FIG. 1 is a schematic diagram of integral assembly of a microfluidic chip capable of finely adjusting coaxial alignment of capillary tubes according to the present disclosure;

FIG. 2 is a schematic structural diagram of an integrated chip support;

FIG. 3 is a schematic diagram of assembly of capillary tubes and capillary tube nesting assemblies; and

FIG. 4 is a side view after capillary tube coaxial fine adjustment assemblies are arranged into an integrated chip support.

Reference signs in the drawings are shown as follows:

The present disclosure is further described below with reference to specific embodiments and accompanying drawings.

Specific Implementation Steps:

1. Assembly of the Chip

A round capillary tube is machined into two sections of capillary tubes with lengths being 5 cm and with tapered ends by a capillary tube pulling instrument, the tapered ends of the capillary tubes are ground till inner diameters are 55 μm and 110 μm, and the capillary tubes are used as an injection capillary tube (3) and a collection capillary tube (4) respectively.
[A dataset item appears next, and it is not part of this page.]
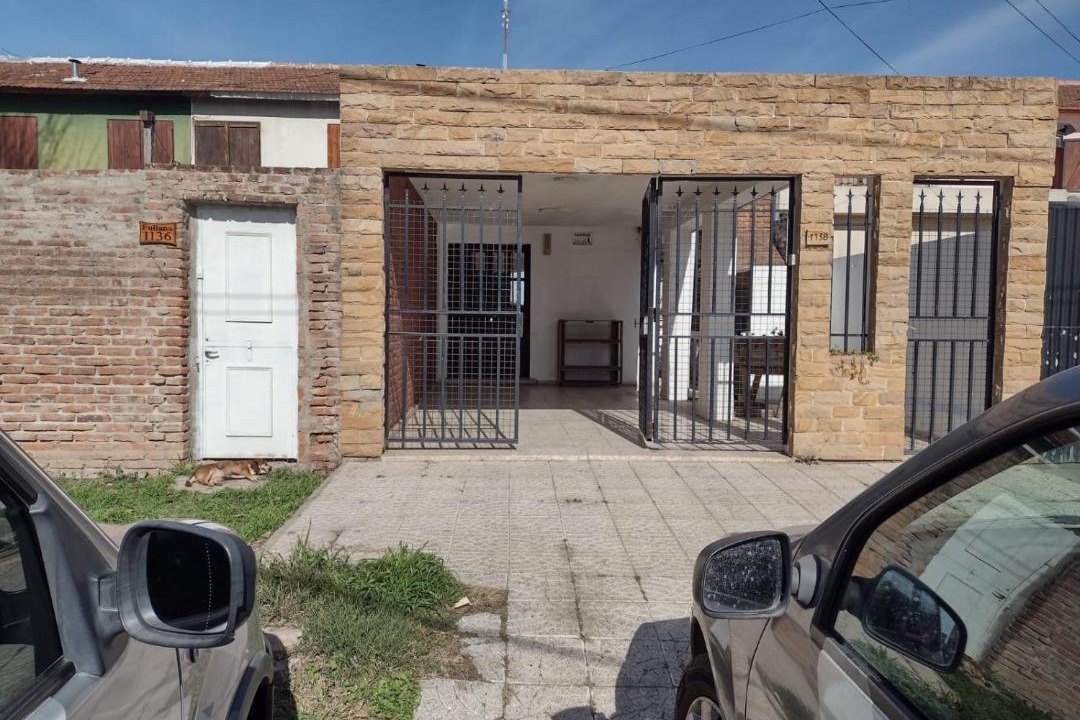 Photo of Buildings in Pergamino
The obtained glass capillary tubes are cleaned and dried to remove residual glass particles, and the collection capillary tube (4) is hydrophobically treated with octadecyltrimethoxysilane, cleaned with ethanol, and aired for later use.

The hydrophobically treated injection capillary tube (3) is sequentially sleeved with a fastener (6-1), a spacer sleeve 1 (6-2), an O-shaped sealing ring (6-3), a spacer sleeve 2 (6-4) and an O-shaped adjusting ring (6-5) from a tapered end side, and then penetrates through a threaded hole (1-1) and a sealing hole (1-2) from one side of a hexagonal-prism-shaped chip support (1) to reach a middle of a capillary tube coaxial alignment hole (1-3) with a diameter being 1.5 mm, and fixing of the injection capillary tube (3) and sealing of a flat port side of a micro-channel structure are realized by screwing the fastener (6-1) and pressing the O-shaped sealing ring (6-3); and the collection capillary tube (4) is sequentially sleeved with the other group of the fastener (6-1), the spacer sleeve 1 (6-2), the O-shaped sealing ring (6-3), the spacer sleeve 2 (6-4) and the O-shaped adjusting ring (6-5) from a tapered end side, and then penetrates through the threaded hole (1-1) and the sealing hole (1-2) in this side from the other side of the chip support (1) to reach a middle of the capillary tube coaxial alignment hole (1-3), an interval between tapered ends of the injection capillary tube (3) and the collection capillary tube (4) is adjusted to be 70 μm via an optical microscope by screwing the fastener (6-1), and the collection capillary tube (4) is screwed down and fixed by pressing the O-shaped sealing ring (6-3); where materials of the O-shaped sealing rings (6-3) and the O-shaped adjusting rings (6-5) are selected from silicone rubber.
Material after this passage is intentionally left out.